Meredith Vieira Dishes on Leadership, Family, and Her Career Blasts and Blunders

August 4th, 2008 · 36 Comments

In fact, my career, if you want to talk about a fluke, I was the kid at Tufts University who went through every major. I came in as a math major. I moved from that to drama, to French, to astronomy. I was brought into the dean’s office who said, “Stop it, pick one.” The only one I could pick was English because that’s where I had enough credits. So I totally relate to the students out here, the graduates who might be a little scared right now. Maybe you don’t know where you’re headed. Maybe you haven’t found your passion. Maybe your parents are looking at you like, “What are you going to do?” and you’re scared. I felt all of that. I felt very lost.

And then, again in January—a lot happened in that January, I tell you, in 1975—I took a class here in broadcast journalism. It was pass/fail. I don’t even know why I took it. I had no interest, none. I didn’t see myself as a broadcaster in my future. I took this class. It was given by a reporter from CBS Radio in Boston, WEEI. Back then it was all news.

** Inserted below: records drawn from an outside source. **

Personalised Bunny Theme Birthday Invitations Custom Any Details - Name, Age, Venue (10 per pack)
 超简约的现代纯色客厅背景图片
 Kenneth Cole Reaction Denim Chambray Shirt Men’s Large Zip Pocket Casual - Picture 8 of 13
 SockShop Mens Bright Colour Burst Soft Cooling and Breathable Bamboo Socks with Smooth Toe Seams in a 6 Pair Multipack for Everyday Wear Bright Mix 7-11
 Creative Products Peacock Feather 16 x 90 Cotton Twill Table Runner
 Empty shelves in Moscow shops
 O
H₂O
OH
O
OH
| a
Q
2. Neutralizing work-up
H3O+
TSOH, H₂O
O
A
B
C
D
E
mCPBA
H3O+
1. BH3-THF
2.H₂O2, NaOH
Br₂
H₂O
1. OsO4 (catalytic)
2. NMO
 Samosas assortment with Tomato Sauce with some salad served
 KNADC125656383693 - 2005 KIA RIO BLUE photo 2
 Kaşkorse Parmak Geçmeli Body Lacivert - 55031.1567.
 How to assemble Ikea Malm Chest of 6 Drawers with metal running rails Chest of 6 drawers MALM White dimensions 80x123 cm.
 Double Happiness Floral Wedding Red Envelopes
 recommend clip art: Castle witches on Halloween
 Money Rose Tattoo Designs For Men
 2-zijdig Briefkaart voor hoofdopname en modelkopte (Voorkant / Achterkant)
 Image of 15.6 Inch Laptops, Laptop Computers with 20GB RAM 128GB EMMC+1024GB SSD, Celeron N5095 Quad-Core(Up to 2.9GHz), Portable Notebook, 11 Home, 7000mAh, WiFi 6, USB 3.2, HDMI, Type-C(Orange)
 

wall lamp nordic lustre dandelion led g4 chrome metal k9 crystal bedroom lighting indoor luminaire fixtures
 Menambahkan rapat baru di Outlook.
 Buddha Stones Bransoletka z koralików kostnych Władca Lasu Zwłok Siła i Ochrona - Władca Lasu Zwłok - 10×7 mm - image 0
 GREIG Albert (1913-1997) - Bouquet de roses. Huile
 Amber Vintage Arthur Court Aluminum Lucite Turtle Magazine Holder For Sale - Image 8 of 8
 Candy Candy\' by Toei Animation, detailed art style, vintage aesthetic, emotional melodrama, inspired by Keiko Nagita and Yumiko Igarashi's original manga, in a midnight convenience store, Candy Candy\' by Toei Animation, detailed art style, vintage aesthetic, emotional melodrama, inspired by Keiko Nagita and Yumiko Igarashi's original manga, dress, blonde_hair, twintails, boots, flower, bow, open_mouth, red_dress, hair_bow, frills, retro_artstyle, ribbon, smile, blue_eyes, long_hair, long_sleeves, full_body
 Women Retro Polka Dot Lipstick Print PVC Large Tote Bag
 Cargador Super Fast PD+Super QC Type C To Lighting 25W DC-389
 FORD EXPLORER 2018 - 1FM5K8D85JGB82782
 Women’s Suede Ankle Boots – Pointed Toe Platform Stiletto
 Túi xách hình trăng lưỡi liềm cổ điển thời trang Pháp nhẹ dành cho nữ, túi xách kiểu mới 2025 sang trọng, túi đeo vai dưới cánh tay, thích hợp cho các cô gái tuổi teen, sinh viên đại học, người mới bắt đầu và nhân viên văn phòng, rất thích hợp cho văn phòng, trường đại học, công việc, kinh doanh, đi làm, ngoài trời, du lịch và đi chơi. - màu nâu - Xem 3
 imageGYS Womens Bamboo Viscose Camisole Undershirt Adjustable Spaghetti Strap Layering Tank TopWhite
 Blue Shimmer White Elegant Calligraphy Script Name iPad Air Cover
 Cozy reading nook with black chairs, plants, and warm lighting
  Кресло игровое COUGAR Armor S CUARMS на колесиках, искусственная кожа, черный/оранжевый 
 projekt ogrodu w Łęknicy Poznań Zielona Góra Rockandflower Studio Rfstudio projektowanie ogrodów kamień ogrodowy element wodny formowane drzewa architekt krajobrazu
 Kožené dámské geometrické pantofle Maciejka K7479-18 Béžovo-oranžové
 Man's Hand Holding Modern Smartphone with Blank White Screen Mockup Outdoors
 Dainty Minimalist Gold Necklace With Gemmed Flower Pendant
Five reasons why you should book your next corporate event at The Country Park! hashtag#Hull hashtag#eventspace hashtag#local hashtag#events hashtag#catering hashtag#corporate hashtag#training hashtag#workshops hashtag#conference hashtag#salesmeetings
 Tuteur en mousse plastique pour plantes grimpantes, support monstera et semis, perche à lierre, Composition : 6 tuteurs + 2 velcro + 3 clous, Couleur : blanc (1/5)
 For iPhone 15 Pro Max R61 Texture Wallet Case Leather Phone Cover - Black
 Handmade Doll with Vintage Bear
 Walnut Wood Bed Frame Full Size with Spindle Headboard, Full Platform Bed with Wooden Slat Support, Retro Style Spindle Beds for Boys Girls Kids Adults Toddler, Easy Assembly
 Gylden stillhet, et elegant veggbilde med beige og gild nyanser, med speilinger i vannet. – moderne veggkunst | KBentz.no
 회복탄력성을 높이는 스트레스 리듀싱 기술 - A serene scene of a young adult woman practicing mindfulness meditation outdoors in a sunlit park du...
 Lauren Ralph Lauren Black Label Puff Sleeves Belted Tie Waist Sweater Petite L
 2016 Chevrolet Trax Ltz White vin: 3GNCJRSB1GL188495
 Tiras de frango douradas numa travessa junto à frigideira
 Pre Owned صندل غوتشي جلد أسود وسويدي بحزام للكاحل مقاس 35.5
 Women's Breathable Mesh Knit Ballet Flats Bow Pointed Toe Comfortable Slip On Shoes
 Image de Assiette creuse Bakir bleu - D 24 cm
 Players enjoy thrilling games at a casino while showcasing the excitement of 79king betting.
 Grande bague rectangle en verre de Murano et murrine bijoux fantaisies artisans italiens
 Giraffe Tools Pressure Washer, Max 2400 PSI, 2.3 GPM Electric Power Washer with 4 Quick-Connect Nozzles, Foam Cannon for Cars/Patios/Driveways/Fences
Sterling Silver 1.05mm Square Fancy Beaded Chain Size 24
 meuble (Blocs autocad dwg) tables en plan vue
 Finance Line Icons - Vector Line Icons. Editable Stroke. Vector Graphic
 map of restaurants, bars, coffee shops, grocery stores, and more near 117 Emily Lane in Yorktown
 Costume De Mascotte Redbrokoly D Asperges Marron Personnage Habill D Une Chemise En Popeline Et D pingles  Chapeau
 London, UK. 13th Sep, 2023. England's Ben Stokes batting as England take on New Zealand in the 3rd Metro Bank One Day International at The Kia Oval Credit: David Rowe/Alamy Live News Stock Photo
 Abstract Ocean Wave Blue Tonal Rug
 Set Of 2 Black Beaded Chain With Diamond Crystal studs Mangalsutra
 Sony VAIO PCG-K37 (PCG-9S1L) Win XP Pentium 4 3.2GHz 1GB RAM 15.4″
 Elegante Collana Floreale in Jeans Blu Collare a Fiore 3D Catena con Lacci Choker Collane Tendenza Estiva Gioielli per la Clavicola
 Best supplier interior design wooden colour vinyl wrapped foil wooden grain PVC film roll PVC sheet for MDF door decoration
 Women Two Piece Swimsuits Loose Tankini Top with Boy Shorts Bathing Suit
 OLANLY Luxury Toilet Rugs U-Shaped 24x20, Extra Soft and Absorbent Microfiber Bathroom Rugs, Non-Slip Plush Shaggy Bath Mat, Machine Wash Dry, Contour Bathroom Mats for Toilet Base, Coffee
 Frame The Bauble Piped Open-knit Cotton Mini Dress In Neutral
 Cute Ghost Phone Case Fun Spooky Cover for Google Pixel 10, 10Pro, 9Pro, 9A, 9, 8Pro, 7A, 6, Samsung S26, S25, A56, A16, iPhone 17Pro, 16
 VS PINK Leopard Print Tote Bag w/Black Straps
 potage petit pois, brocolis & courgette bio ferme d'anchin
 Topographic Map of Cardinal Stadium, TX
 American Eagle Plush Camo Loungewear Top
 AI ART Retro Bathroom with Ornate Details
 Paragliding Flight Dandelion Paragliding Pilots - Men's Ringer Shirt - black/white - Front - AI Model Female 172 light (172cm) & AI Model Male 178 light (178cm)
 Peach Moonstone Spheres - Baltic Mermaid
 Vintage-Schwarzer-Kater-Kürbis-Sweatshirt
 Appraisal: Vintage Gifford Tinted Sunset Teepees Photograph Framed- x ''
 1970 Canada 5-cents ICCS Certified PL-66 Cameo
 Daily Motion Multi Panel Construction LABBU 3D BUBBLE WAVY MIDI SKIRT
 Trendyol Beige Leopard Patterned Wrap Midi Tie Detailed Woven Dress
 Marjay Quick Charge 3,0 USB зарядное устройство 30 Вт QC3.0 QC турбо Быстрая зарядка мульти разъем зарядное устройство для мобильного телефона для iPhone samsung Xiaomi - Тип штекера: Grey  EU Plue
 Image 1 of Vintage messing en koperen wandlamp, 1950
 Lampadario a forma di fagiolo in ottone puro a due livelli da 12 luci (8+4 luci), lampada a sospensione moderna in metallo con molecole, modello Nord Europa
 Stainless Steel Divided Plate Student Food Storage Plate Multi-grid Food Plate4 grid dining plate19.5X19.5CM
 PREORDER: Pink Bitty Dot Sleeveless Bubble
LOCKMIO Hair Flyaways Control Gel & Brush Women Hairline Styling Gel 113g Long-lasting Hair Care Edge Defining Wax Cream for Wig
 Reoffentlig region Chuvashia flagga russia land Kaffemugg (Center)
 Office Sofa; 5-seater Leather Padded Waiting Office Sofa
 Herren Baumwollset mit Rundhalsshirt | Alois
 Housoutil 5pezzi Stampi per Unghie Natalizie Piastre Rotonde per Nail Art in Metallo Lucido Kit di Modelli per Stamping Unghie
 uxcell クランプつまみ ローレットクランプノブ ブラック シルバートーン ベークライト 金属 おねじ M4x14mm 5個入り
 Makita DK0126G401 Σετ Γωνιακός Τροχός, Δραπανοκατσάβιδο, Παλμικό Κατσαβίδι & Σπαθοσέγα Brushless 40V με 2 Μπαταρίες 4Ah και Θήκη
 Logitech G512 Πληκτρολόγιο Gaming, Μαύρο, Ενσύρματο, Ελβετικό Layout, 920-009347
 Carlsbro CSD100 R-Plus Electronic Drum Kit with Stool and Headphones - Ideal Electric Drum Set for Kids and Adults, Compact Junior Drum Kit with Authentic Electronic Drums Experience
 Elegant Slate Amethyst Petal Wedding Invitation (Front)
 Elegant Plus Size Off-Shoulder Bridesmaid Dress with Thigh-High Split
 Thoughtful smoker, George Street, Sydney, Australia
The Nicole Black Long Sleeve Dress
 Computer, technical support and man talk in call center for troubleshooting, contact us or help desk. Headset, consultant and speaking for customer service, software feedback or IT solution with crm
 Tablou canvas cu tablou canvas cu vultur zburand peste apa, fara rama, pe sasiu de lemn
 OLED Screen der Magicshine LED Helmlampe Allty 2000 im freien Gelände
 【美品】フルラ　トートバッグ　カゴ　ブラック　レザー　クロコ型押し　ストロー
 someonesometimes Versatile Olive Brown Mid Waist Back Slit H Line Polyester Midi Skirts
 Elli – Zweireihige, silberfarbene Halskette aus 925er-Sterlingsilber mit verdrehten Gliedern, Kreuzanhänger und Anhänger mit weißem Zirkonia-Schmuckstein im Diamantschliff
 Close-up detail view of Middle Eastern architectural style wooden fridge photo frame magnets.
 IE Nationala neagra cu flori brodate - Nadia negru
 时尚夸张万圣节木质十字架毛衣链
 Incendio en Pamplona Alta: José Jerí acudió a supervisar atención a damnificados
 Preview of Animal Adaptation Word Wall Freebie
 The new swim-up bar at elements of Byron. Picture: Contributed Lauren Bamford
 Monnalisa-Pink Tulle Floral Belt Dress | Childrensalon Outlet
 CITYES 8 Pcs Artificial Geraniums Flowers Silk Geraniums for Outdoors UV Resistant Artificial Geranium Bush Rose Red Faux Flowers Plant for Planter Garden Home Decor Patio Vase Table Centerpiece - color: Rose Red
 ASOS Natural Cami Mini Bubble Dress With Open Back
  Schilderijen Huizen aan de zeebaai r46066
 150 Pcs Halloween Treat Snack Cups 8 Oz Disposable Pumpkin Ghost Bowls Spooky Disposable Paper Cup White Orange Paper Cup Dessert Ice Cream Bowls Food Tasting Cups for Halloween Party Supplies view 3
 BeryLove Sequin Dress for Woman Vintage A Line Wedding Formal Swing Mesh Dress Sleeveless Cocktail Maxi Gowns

I think maybe now it’s all sports but back then it was all news. And I found that I liked it. I really liked it. At the end, they had a final project. We were broken down into groups of four or five and we each had to do a mini radio documentary. We would research it, report it, write it, and then one person would narrate the documentary. I happened to be the one chosen to narrate ours.

They brought in a muckety muck from CBS to critique it, a man named Bill Shermer, a wonderful man who has since passed on. He listens to all these documentaries and when ours comes up he says, “Whose voice is that?” I raise my hand and he says, “I want to see you after class.” I thought, “Oh my God, what’s going to happen?” I go out into the hallway and he says, “Have you decided what you want to do with the rest of your life?” Now being a Tufts student, I knew— philosophical deep question, ponder for a moment. And I did and then I said, “Gee, I don’t know.” He said, “Well, I do. I truly believe if you open up your mind you have a future in this business.” And he offered me an internship. And literally, that’s all it took. It was in that moment. It was one person seeing a spark in me and opening a door that I went through. It was that simple. Had I not taken that class, I don’t really know what direction. I would have found a direction, but that’s what put me on the path.

A few weeks later I learned something that is probably the first lesson I’m going to impart to you: Remember to always ask questions. I’m an intern now, two weeks before I have to start. They give me a call and say, “You’re going to be ripping wires.” Okay, ripping wires. Radio station. Wires out of the walls. A little weird that they’d have me do that, but fine, I’ll do that. I went and I bought a new pair of overalls because I thought, “Gee, I’m going to look cute.” And actually that was the style back then. I show up to work at 4 a.m.—talk about ironies, I’m back on that schedule—I show up at WEEI and people are looking at me weird, like “Why are you dressed in overalls?” Finally it dawns on somebody about my confusion. Ripping wires, what they meant was ripping the wire services, the copy off of UPI, Reuters, AP, not wires out of the wall. Eventually they stop laughing, although if anybody that I knew back then sees me they always bring it up. I learned a lesson that day: No question is too stupid. You’re not as smart as you think you are. You never will be. There’s always room to learn. Don’t be scared to ask. Luckily for me Bill Shermer still took a chance on me, which I’m very grateful that he did.